* **RECORDS FOR THE EXERCISE**

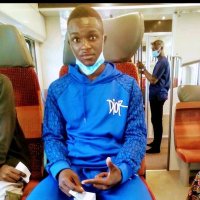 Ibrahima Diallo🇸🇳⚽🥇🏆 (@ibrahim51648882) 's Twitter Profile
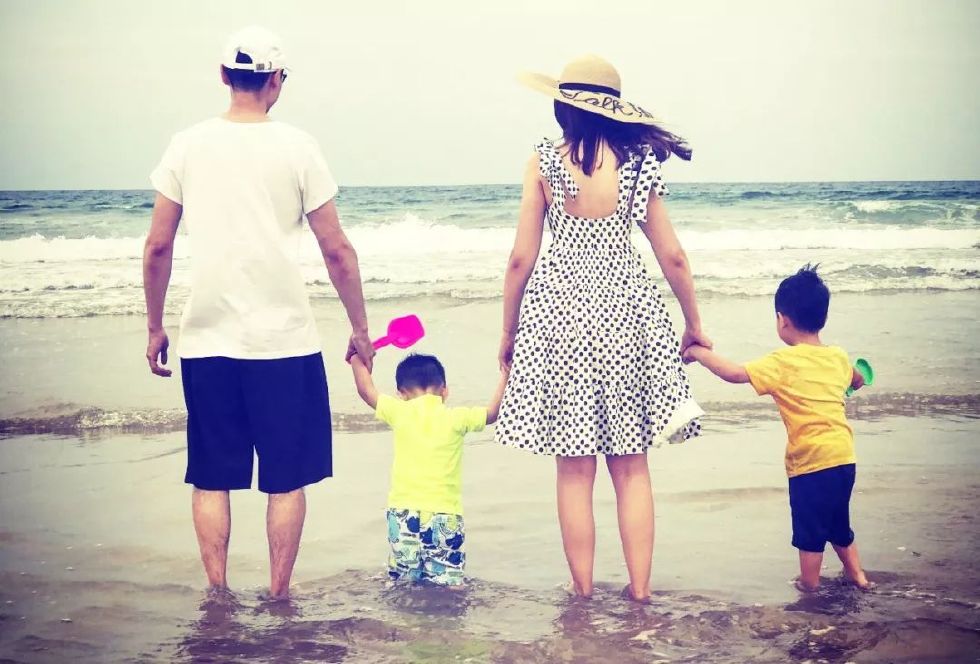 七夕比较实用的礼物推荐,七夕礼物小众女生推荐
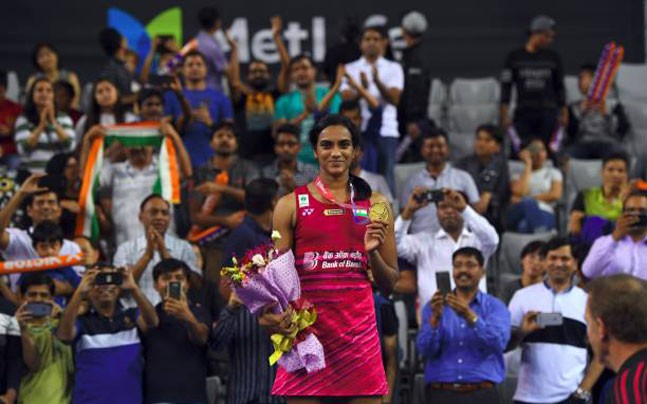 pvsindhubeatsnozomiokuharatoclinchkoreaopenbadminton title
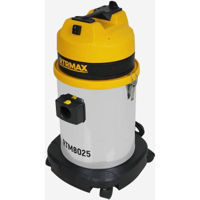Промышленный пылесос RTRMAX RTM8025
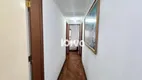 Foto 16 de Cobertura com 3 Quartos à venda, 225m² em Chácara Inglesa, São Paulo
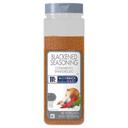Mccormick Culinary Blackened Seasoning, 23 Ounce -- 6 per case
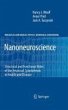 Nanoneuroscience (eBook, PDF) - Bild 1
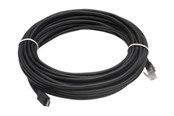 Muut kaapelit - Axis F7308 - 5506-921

* **ABOUT THIS EXERCISE**
Print the material word for word; images are to be left out.

* **TASK RESPONSE**
 Ibrahima Diallo🇸🇳⚽🥇🏆 (@ibrahim51648882) 's Twitter Profile
 七夕比较实用的礼物推荐,七夕礼物小众女生推荐
 pvsindhubeatsnozomiokuharatoclinchkoreaopenbadminton title
Промышленный пылесос RTRMAX RTM8025
 Foto 16 de Cobertura com 3 Quartos à venda, 225m² em Chácara Inglesa, São Paulo
Mccormick Culinary Blackened Seasoning, 23 Ounce -- 6 per case
 Nanoneuroscience (eBook, PDF) - Bild 1
 Muut kaapelit - Axis F7308 - 5506-921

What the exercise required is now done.